Ночь удалась. Потребовалась лишь капля усилий, чтобы разочарованные неудачей девицы поддались его обаянию. С красоткой в татуировках он полночи носился по улицам, взрывая тишину музыкой и смехом из окон автомобиля. Про Москву рассказал с три короба; легенда с каждым разом обрастала подробностями, удивлявшими его самого, – ему бы с таким воображением книги писать. Впрочем, наутро он и сам не помнил, что ей наплел; память захлопнулась, милостиво оставив обрывок воспоминания с Брахманом и его фирменным зельем.
Черт бы побрал эту отраву… Есть у зелья гадкое свойство – неизбежная утренняя тошнота.
Антон тяжело вздохнул. Вечер, ночь, любое время суток без дела казались менее реальными, чем часы, проведенные за монитором. Вот и сейчас он проснулся, а будто спит. Вспомнилось вчерашнее утро, это была симфония: каждый удар по клавише – новый звук, свежий мотив, словно не экран перед ним, а чудесный «Стейнвей» Билла Эванса.
За ночь волнение улеглось, настоялось, словно дорогой алкоголь, и наконец нахлынула эйфория: счет пополнился на двадцать монет с токийской криптовалютной биржи, и пусть это стоило большой крови – тем слаще победа. Одно беспокоило: не всё прошло гладко, нейрозащитник, обученный на таких же, как Антон, желающих поживиться в чужой кормушке, успел его зацепить. Но, похоже, обошлось, и япошкам никогда не узнать, кто покопался в их тайнике, кто на самом деле человек, назвавшийся Ноунеймом, кто уверен в себе настолько, что оставил визитку на рабочем столе биржевого администратора: «Noname has you».

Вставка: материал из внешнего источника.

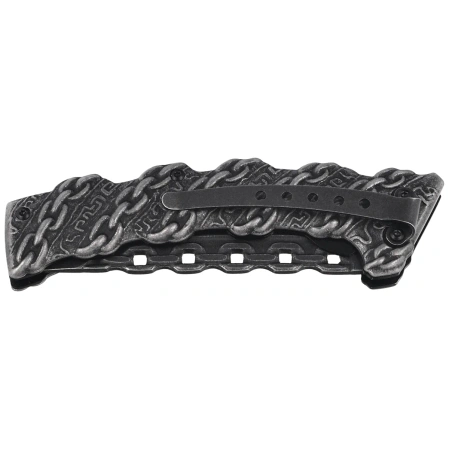 Nóż składany Third Decor Habitat N121 Stone-Polished Steel Chain-Like Design Steel, Stone-Polished Steel Chain-Like Design 420 (TH-N121)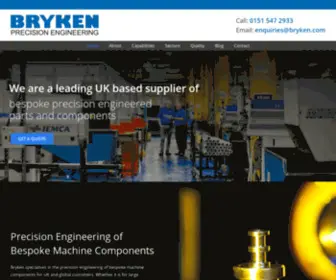 BRyken.com(Bryken Precision Engineering) Screenshot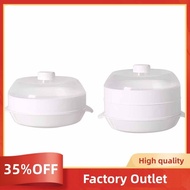 Microwave Steamer Plastic Round Steamer Microwave Oven with Lid Cooking Tools Factory Outlet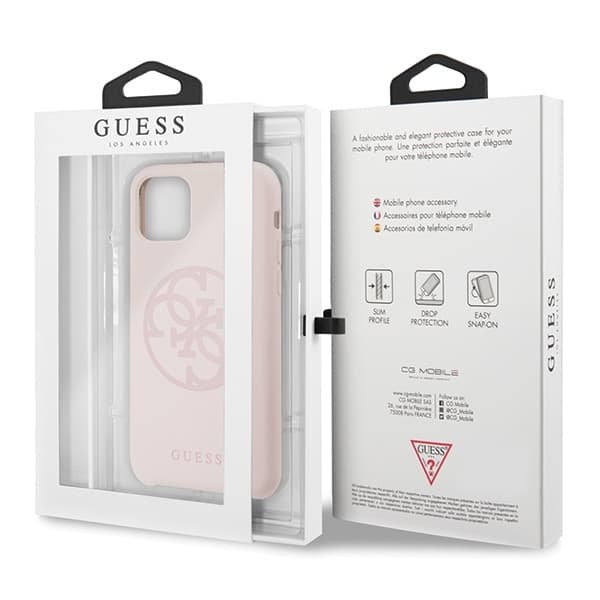 Guess telefonetui til iPhone 11 Pro MagSafe Silicone 4G Tone On Tone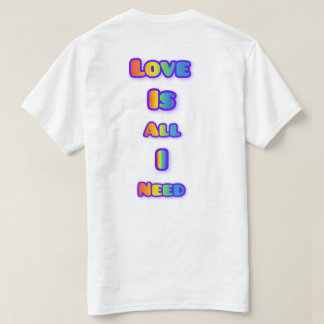 simple and elegant Valentine’s typography design Tシャツ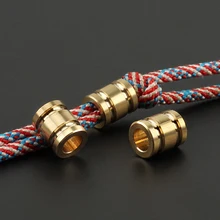 1 шт. латунный нож шарик Зонт EDC веревочный кулон DIY тканые веревки аксессуары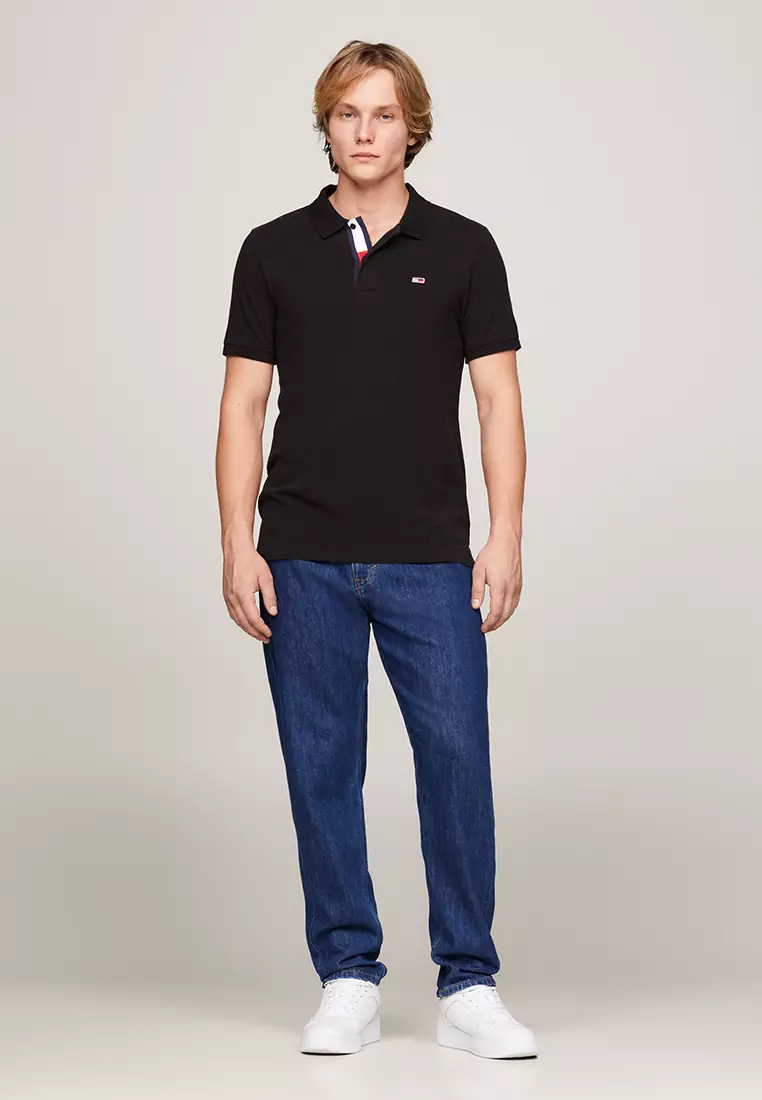 Pure Cotton Slim Fit Polo Shirt - Tommy Jeans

При мысли о несметном богатстве, таящимся в призрачных стенах хранилища, где каждая цифровая монета могла бы принадлежать ему, Антон испытывал приятное возбуждение, от которого кожа покрывалась мурашками. Был бы наивнее, перевел бы на свои счета всё до копейки, не оставив камня на камне, но чем крупнее куш, тем больнее расплата – ему ли не знать.
У края ванны что-то блеснуло. Антон двумя пальцами извлек из-под эмалированного брюха полоску мятого черного кружева: чьи-то трусики с бликами страз. Не успела улика исчезнуть в урне, ночная подруга без церемоний распахнула дверь в ванную. Девушка туго закуталась в одеяло, прикрывая грудь, будто в невинном семейном кино.
– Привет, – улыбнулась она распухшими от укусов губами. Разводы туши под глазами придавали ей болезненный вид.
– Доброе утро, – ответил Антон, растирая по щекам пену для бритья.
– Знаешь, на кого ты похож? – спросила девица, расчесывая пальцами спутанную копну волос. – На того актера из «Матрицы».
– М. Ну да.
Знала бы она, сколько пришлось вложить в витрину, но всей правды об операциях он не открыл бы даже под страхом смерти. Каждый надрез на столе хирурга, каждый болезненный шаг и долгая, мучительная реабилитация приближали его к идеалу – безупречной внешности, цеплявшей взгляды прохожих: юных дев, зрелых женщин и даже мужчин. Волосы, ногти, одежда – каждая деталь имела значение. Ему не нужно было стараться показать себя в лучшем свете, изощряться, придумывать новые способы знакомств и ухаживаний – внешность работала за него и была, пожалуй, лучшим вложением в его жизни. Только глаза он мог в себе выносить, их пока не коснулся скальпель.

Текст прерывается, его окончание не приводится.